__Work to complete__
Copy the data exactly from the line that contains "Train traveling through" through the line that contains "1965.1527 A, B Pewter teacup and saucer", keeping both end lines and leaving out everything else.

__Available data__

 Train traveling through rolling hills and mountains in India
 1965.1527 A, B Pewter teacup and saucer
==
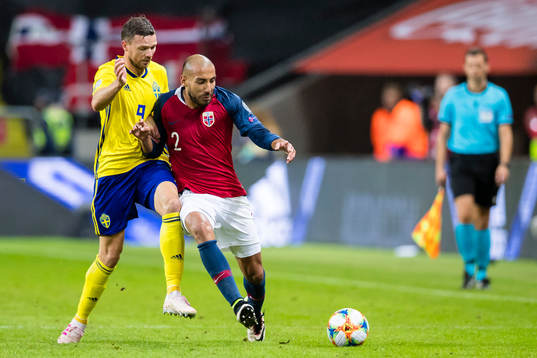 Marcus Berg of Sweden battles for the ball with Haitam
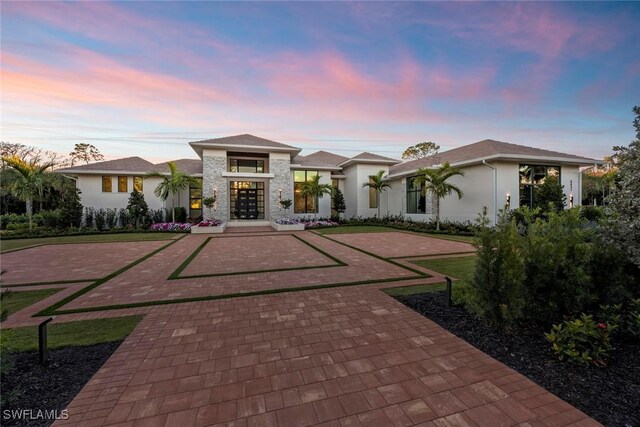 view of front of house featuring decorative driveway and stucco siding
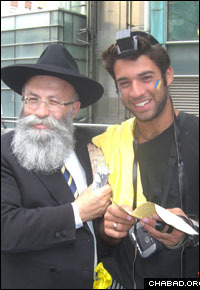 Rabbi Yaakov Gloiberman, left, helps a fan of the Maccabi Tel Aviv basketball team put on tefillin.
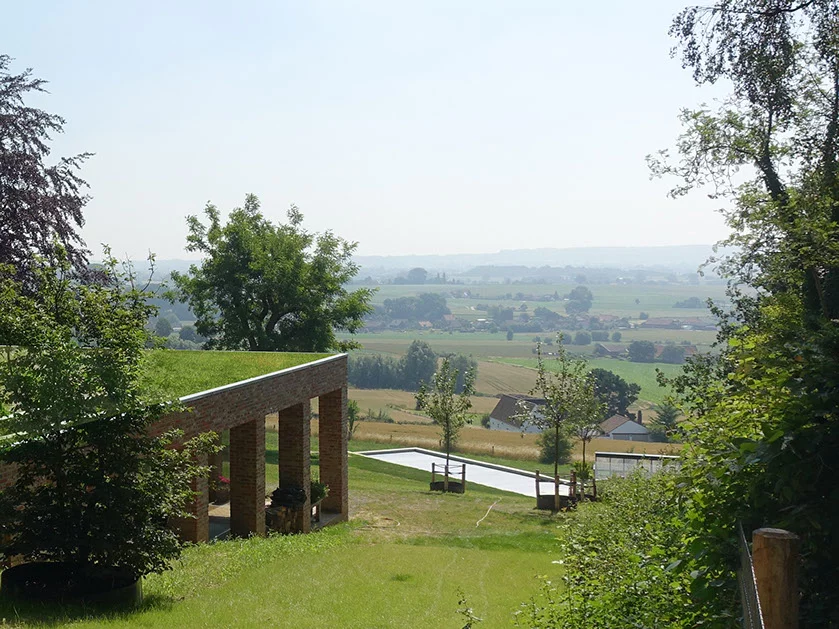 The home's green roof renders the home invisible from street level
...
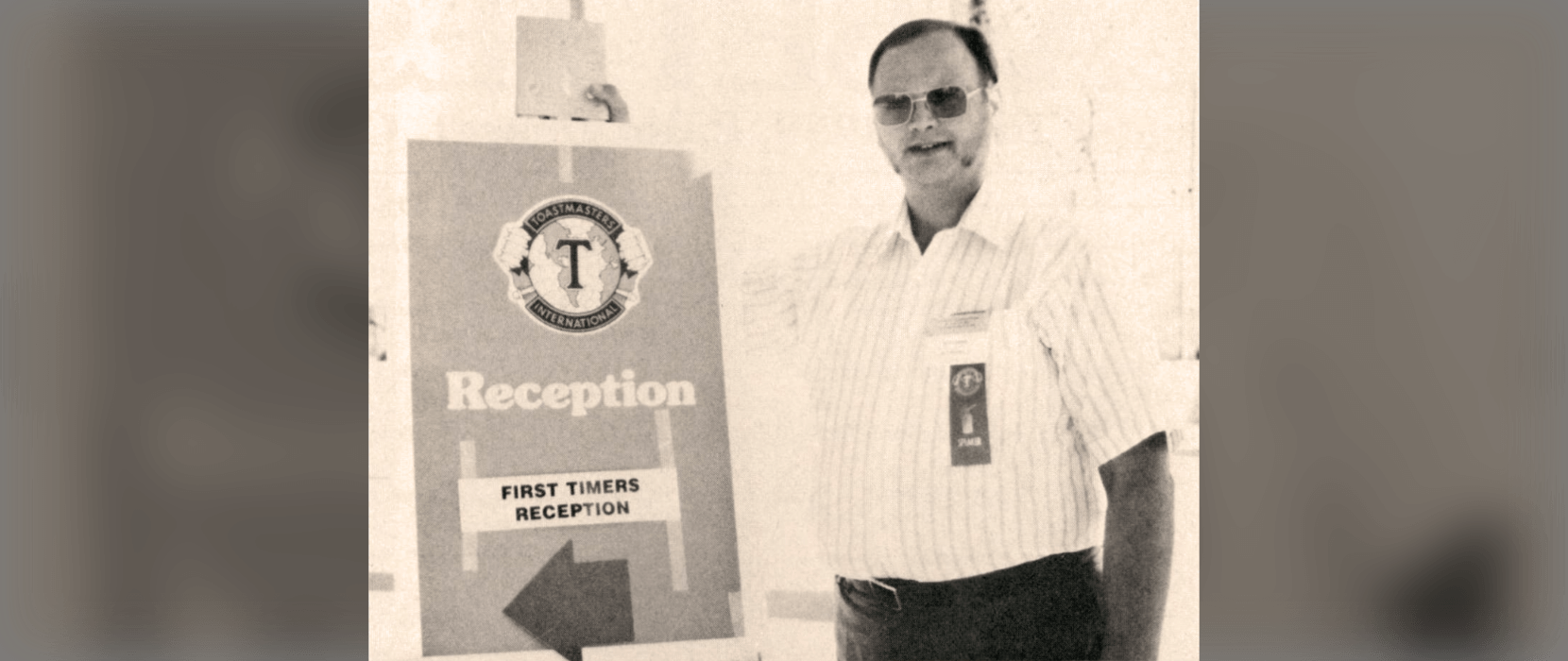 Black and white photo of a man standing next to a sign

__The answer__
 Train traveling through rolling hills and mountains in India
 1965.1527 A, B Pewter teacup and saucer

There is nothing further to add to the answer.